Ministers pledge to remove 'peace walls'

Ministers pledge to remove 'peace walls'

The First and deputy First Ministers have pledged to remove all the so-called peace walls within 10 years in an ambitious package of measures unveiled in a bid to tackle sectarianism in Northern Ireland's communities.

The announcement was made by Peter Robinson and Martin McGuinness on Thursday.

However, the most contentious issues of flags, parades and the past were not included and instead the Ministers said they will establish an all-party working group to look into those controversial measures.

The pair said the working group will address the "twin blights of sectarianism and racism".

The group, which will have two nominees from each of the five main political parties and an independent chairman, will also consider ways to handle parades, protests, symbols and emblems as well as how to deal with the past.

At its first meeting the group will determine which stakeholders will be invited to join it and which other organisations will be asked to give evidence.

Alongside the creation of the group the ministers will also publish their community relations strategy Together: Building a United Community within the next two weeks.

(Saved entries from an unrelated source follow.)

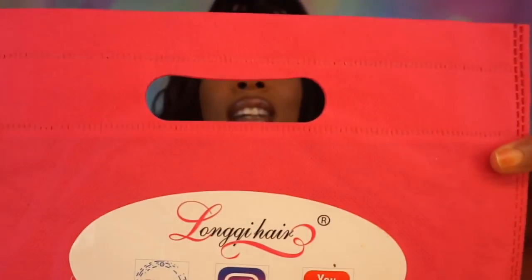This hair — who's gonna check me? So this is from the company Long Q Hair. I'll have the information down below. I'm completely sorry if I'm mispronouncing the name and coming off a little disrespectful, but I don't know how to pronounce it. This is the company and this is the hair.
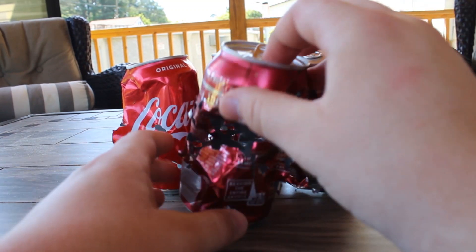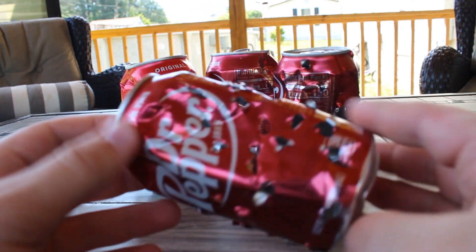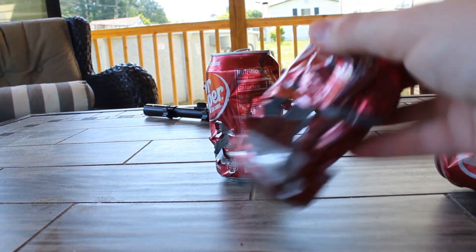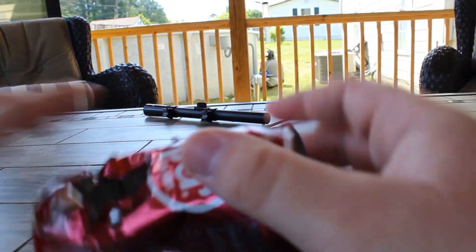And here's what the cans look like now. They have a lot of holes in them and stuff. This is really tore up — probably more than I actually expected. We shot it a lot. Here's one of the ones that exploded earlier, and then the Dr. Pepper can that you saw explode on camera. This did a pretty good bit of damage. I'm pretty satisfied with how this turned out.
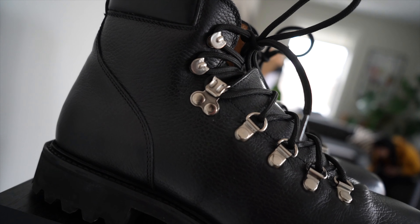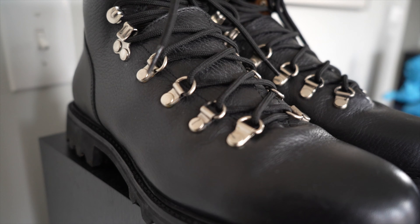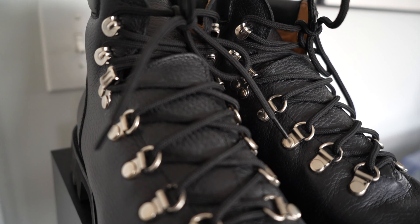They come with an extra set of laces so you can dress it down. The laces are a bit textured. They make two versions — this one here which is the black pebbled calf with chrome speed hooks and chrome hardware, and they also do a brown suede which is equally beautiful.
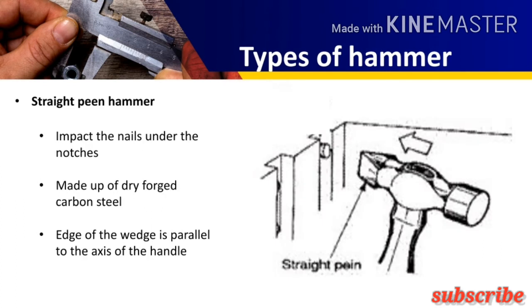Now the straight peen hammer. As the name indicates, the edge of the wedge-shaped peen is parallel to the axis of the handle, that's why it is called the straight peen hammer. It is made up of forged carbon steel and is generally used for driving nails under notches.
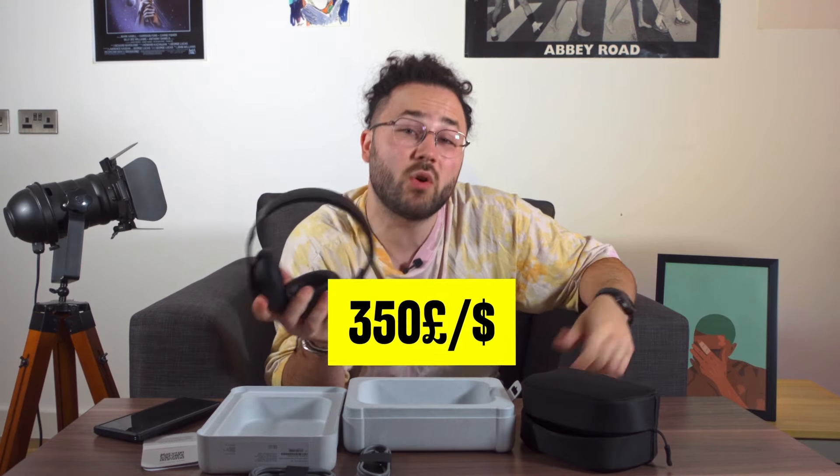These Beats will cost you 350 pounds or dollars. But before you drop half a month's rent on these, you should have a look around for other sound options.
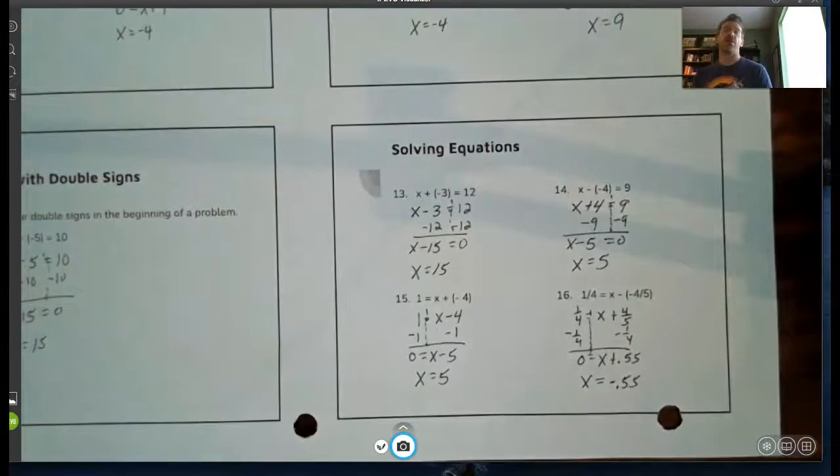That wraps up our lesson on solving one-step equations. You'll get a worksheet for homework — complete it. Also make sure you get your assignment sheet. After you do the homework, get into Schoology where this video is, open the answer key, and check every problem. Use a highlighter — check it if it's correct, circle the number if it's wrong. Put your score in your assignment sheet, try to fix anything you didn't get right the first time, and I'll see you next class.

In a joint statement, Mr Robinson and Mr McGuinness said: "Our vision is a united community, based on equality of opportunity, the desirability of good relations and reconciliation - one which is strengthened by its diversity, where cultural expression is celebrated and embraced and where everyone can live, learn, work and socialise together, free from prejudice, hate and intolerance."

Whilst recognising there are no easy answers, we are committed to attempting to find long-term and sustainable solutions that are in the best interests of the community we serve.

First and deputy First Ministers

Both ministers did, however, reveal an agreed package of "significant and strategic actions" aimed at tackling segregation among communities which includes working towards removing all the so-called "peace walls" by 2023.

The joint statement added: "Taking down interface barriers is not something that can be achieved without engagement, consent and support with the people who live there.

"We must be sensitive to the views and perceptions of residents and balance this against the responsibility on us to create the conditions within which division and segregation can become resigned to the past.

"Community confidence can only be built when assurances can be given that the intimidation and threat which led to the erection of barriers has been removed.

"We are committed to finding alternative ways of reassuring communities that safety can be achieved without separation.

"Removing interface barriers and other structures of division will send out an important message that our society is continuing on its journey to peace and reconciliation, but more importantly will bring community benefits."

The ministers also announced the creation of a youth programme to help get young people not in education, employment or training into work.

The United Youth programme will offer 10,000 young people between the ages of 16 and 24 paid work placements and volunteering opportunities - outside of their own community - to help build good relations.

The multi-million pound strategy will also look to establish 10 new shared education campuses, a cross-community sports programme and shared summer schools for post primary school-aged children.

They have also said a proposal to develop 10 new shared neighbourhood developments will be brought by the Social Development Minister within the next two months.

Such a strategy must commit to the creation of a society where people can live together with confidence, safety and security, both respecting and being respected.

Equality Commission

The announcements were welcomed by the Equality Commission, whose chief commissioner Michael Wardlow said they would carefully study the proposals.

Mr Wardlow added: "To be meaningful it must set out clearly how and when the objectives committed to will be achieved, by whom they will be delivered and the resources committed to them.

"The proposals set out today may be limited in number and in type but we acknowledge that long journeys are achieved step by step. We fully support the ambition that seeks to address the issues of division across housing, education and on and between our streets.

"We also welcome the ambition to create a sense of a united community, while cautioning that Northern Ireland is not about blending just two communities into one - our modern society is a vibrant and diverse collection of communities and identities each of which should be recognised and valued."

Co-operation Ireland described the plan's targets as "ambitious" but "highly achieveable".

Chief executive Peter Sheridan said: "I am delighted to see that at the core of their statement is young people.

"They have highlighted programmes that already have been tried and tested and have shown to have a positive impact on the young people involved."